Mit der Freigabe des Quell-Codes des Treibers seitens Broadcom Anfang März drehte sich jedoch der Spieß um, der Ball lag nun bei der FOSS-Community den Raspberry Pi fit für “freie” hardwarebeschleunigte Grafikdarstellung zu machen. Die Raspberry-Pi-Foundation setzte dafür extra eine Prämie aus: Wer es als erster schafft Quake III auf dem Raspberry Pi bei 1920×1080 Pixeln mit mindestens 20 fps zum Laufen zu bekommen — ohne den binären Treiber-Blob einzusetzen — der darf die Belohnung mit nach Hause nehmen.

Quake III auf dem Raspberry Pi mit 133 fps.
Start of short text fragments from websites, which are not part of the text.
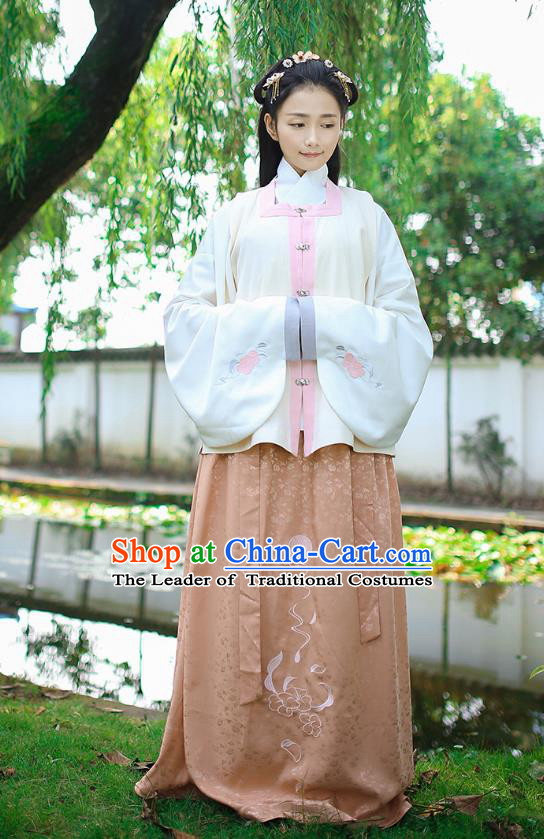 Traditional Chinese Ancient Royal Princess Hanfu Costume, Asian China Ming Dynasty Palace Lady Embroidered White Vest Blouse and Skirts for Women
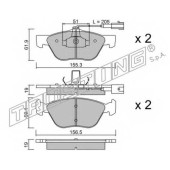 Колодки тормозные дисковые для LANCIA KAPPA(838,838A,838B) <b>TRUSTING 085.1 / 21636</b>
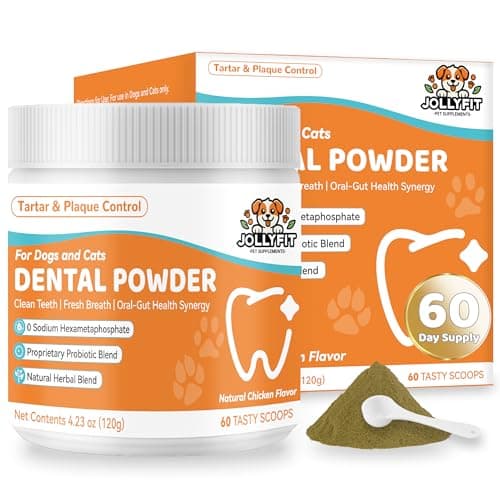 Dog Teeth Cleaning Powder - Natural Dog Dental Powder -Gentle Dog Breath Freshener, Dog Plaque and Tartar Remover, Vet Formulated No Sodium Hexametaphosphate- 60 Scoops, 4.23oz (120g) - Image 1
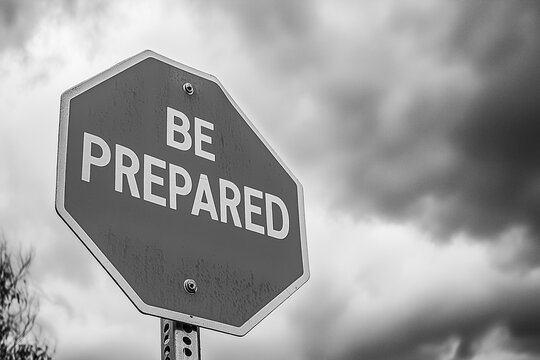 Monochrome 'Be Prepared' sign against a dramatic sky, emergency preparedness, warning sign, caution, safety, alert, preparedness concept.

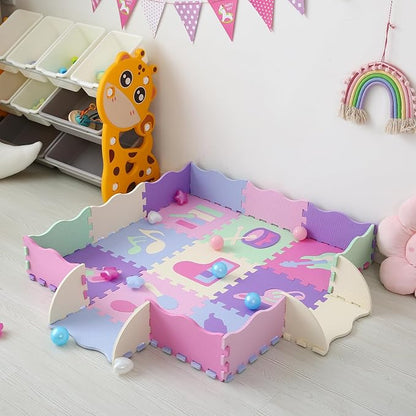 Foam Play Mat for Kids，25Pcs Square Interlocking Puzzle Floor Mat，Baby Play Mat Floor Mat Foam Puzzle Playmat for Toddlers with Fence（Musical Instrument-CSH016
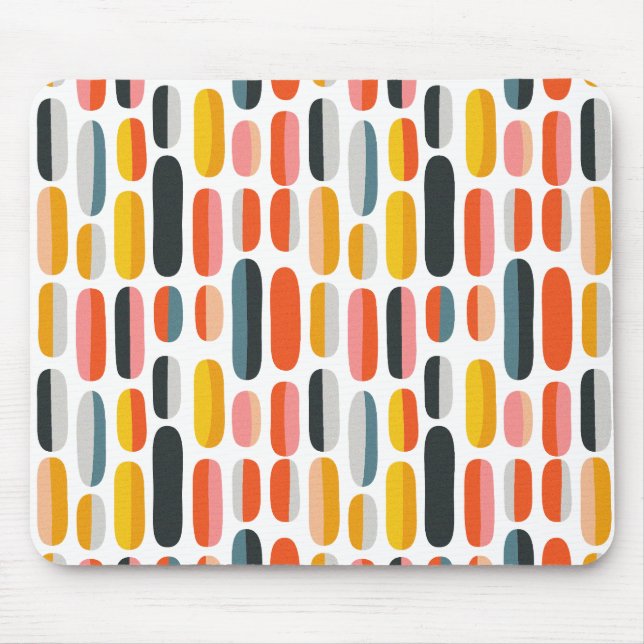Mousepad Padrão Abstrato Geométrico Retro de Meados do Sécu (Frente)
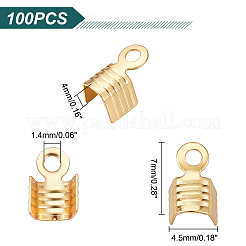 100Pcs 304 Stainless Steel Folding Crimp Ends&nbsp;STAS-UN0041-16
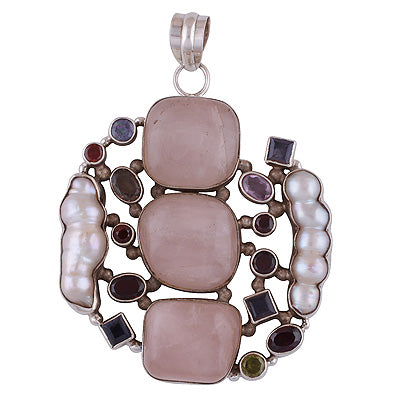Alluring Gemstone Cluster Around Amethyst,Garnet,Peridot,Iolite,Smoky Topaz,Rose Quartz,Shell Irregular Shape 925 Sterling Solid Silver Pendant - R8400024-16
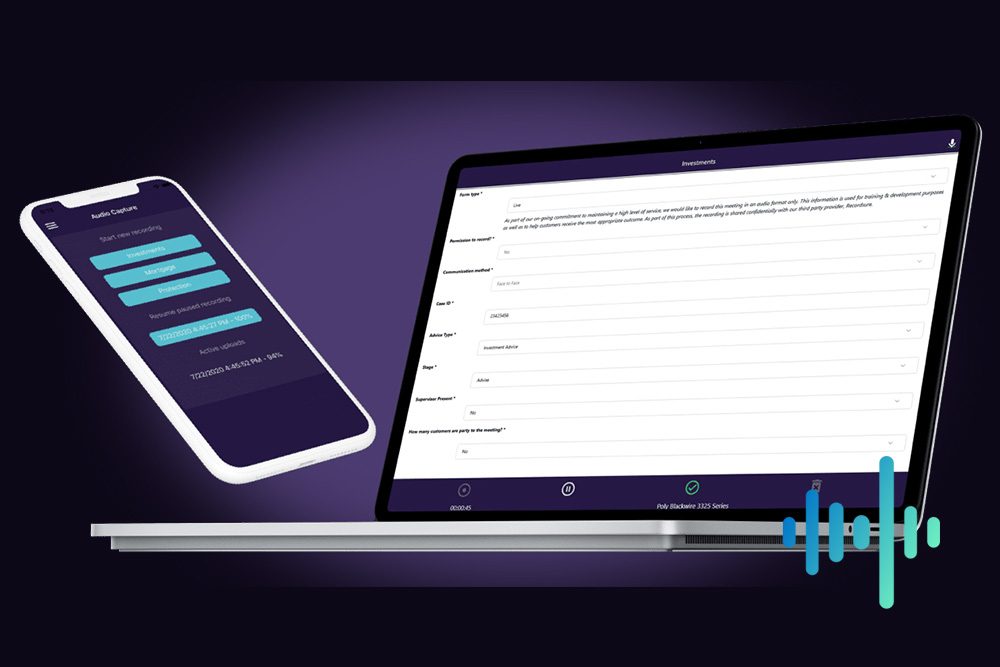 Smartphone and laptop showing the Audio Capture app's recording menu and investments form, with a blue and teal waveform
Nun ist der Wettlauf wohl vorbei: gewonnen hat Pi-Hacker Simon Hall, der sich schon zuvor mit einigen Raspberry-Entwicklungen einen Namen gemacht hat. Seine Implementation des Treibers schafft es unter Quake III immerhin 133 fps aus der kleinen Platine zu locken. Der Treiber wird mit Sicherheit in einer der nächsten Raspbian-Versionen enthalten sein, bis dahin kann man sich den Spaß aber auch auf seinem Pi selber bauen, allerdings braucht das Compilieren bis zu 12 Stunden. Am besten baut man sich das Image daher auf einem “richtigen” Rechner.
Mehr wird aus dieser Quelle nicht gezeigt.